The former album was recorded live in a church and the music was designed to take advantage of the acoustics. While this album was recorded in a studio, it is closer to what the band really sounds like, since the tracks were laid down in two or three takes. The highly honed mix of structure and freedom that was crystal clear on the former album, despite the sonics, is now on display front and center.

The music of Let Nature Square is very strong and muscular, while being deliciously balanced on the edge between compositional control and freedom. While each piece's theme is clearly the web on which the freedom hangs, the music can just as easily be heard as the theme arising out of the freedom.

Drummer Dan Capecchi, bassist Matt Engle, tenor saxophonist Bryan Rogers and alto saxophonist Dan Scofield form a true collaborative quartet, with each continuously listening, adjusting, leading and following. Their music not only breathes, but does so deeply; it is completely elastic, sounding utterly natural, even inevitable. The textures and densities that a piece might flow through vary continuously, creating an almost tactile sensation.

The band uses the terms non-linear or improvised composition to label its method in order to emphasize how the structured parts of the music are woven into the larger improvisational whole. What is startling to realize is that even in the densest sections, when all four players are letting fly, each line can be heard as being in an almost contrapuntal relationship with the others.

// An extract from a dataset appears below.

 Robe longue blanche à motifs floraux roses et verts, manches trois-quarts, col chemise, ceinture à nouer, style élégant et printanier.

The sonic space is taken up equally by the reeds and the rhythm section. Capecchi's drumming is very melodic and he can move from to percussive sounds to a driving pulse instantly. Matching him in responsiveness is Engle, whose playing has a ferocious intensity. The natural lead voices of Rogers and Scofield become enmeshed within a rhythmic engine as their angular lines and cries dart and encircle each other.

This is music that can be listened to many times, each from a different perspective, and has a white-hot intensity even during the softer sections. It is accessible because of the structure arising from the control by their minds, and satisfying because of the emotional content this control channels.

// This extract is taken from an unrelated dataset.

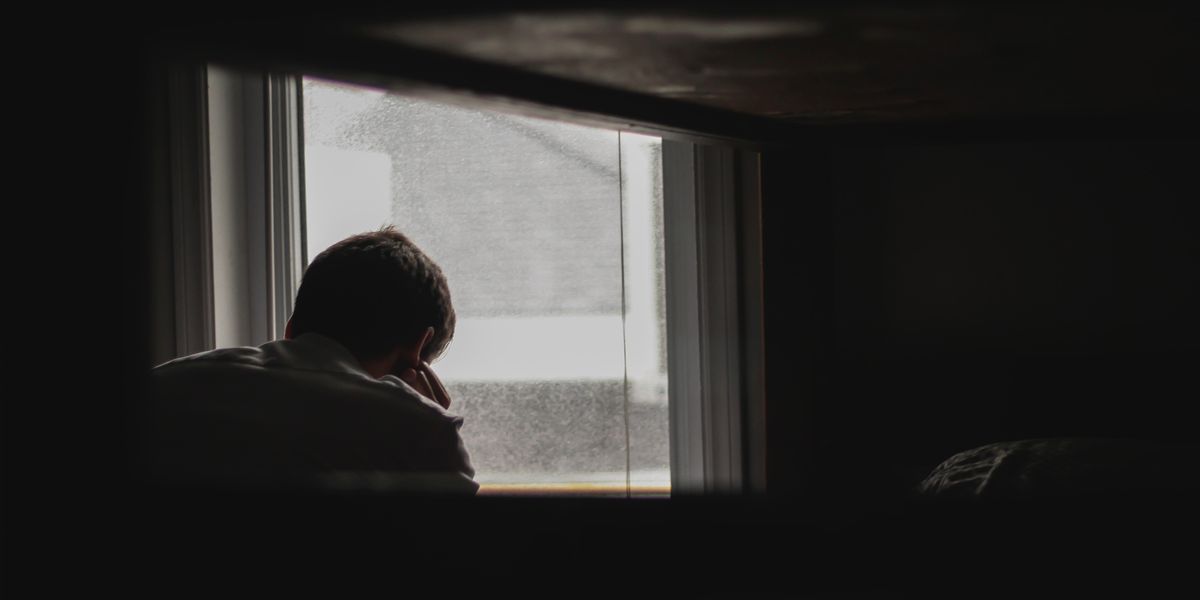 man looking outside window depression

Near the end of Engle's "Triple Double," a theme arises that sounds very much like Gebhard Ullmann's powerful "Seven 9-8," from the woodwind multi-instrumentalist's New Basement Research (Soul Note, 2007). Whether it is was conscious nod to Ullmann or not, this section makes overt the connection to the older player's aesthetic: to create powerful, original music that does not rely on set patterns, but rather on the understanding of the relationship between body and mind.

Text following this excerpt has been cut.